Tomorrow is your mama's first full day back at work.  I can't believe my 4.5 months at home with you are coming to an end.  I have truly enjoyed every moment that we have spent together, even the hard ones. You make me smile like no one else can and I am so thankful God has blessed me with such a sweet, happy baby.

Tomorrow will be a hard day for your mama.  I know you are probably too small to know that I am even gone, but I will for sure know that I am away from you.  For the past 4.5 months I have only left you for a few hours.  The 9 months prior to that you were with me every second of every day.  This is why it is going to be so hard for me to leave you tomorrow.  I know that you will be in good hands with Aunt Jill (and then Grandma on Friday) but it is still hard for me to think about.  I'm the one that has gotten to know everything about you over the past few months.  I know what makes you laugh, what makes you sad, and what toys are your favorite.  I know what every one of your cries means.  I know what to do to make you smile that huge toothless smile.  As much as I know that other people will learn all of these things about you, it won't be the same.  It's going to be a hard day (and a hard year).

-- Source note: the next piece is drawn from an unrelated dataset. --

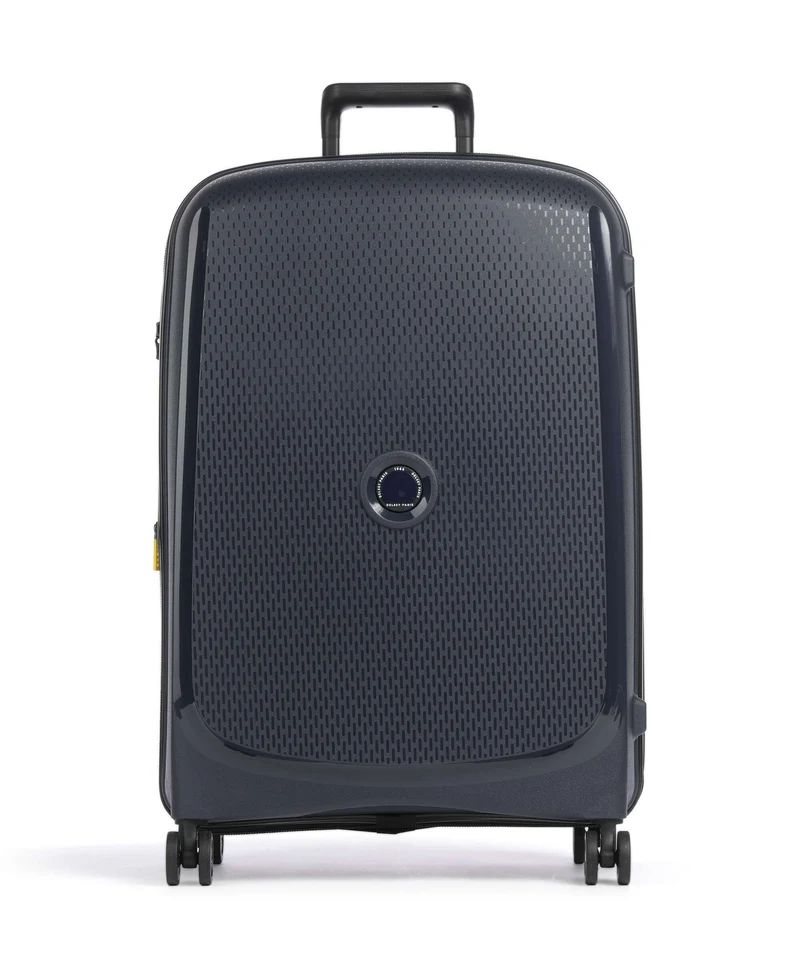Delsey Paris Belmont Plus Valise 4 roues blue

Although I will miss you tomorrow, I want you to know that I am going back to work to do what is best for our family.  I will be working hard to provide for the things that you need.  I love teaching and loving on kids that might not get it at home.  Teaching is something that I think God has called me to do.  I know He wants me to help kids that need me.  I hope that you grow up seeing my desire to help children and in turn you will grow to love helping people.  I promise to work hard at school but when the day is over, I will come home and focus all of my time and energy on you and daddy.  I will leave work at work, plain and simple. Being a mommy will always be my most favorite job, and I want you to always remember that.

I am so grateful that I have gotten to spend with last 4.5 months at home getting to know you.  You have know idea how much you have changed my life in this short amount of time.  I have learned so much about what it means to love someone unconditionally, no matter what.  You bring so much joy to my life.  I can't wait to continue to watch you grow and learn.  I am so thankful for a job that allows me so many breaks to spend with you.  I know I will cherish every one of those breaks.

I know you will do great tomorrow, and mama will be fine too.

I love you so much sweet boy,
Your Mama

Friday, July 22, 2011

Sophie

This is Sophie the Giraffe...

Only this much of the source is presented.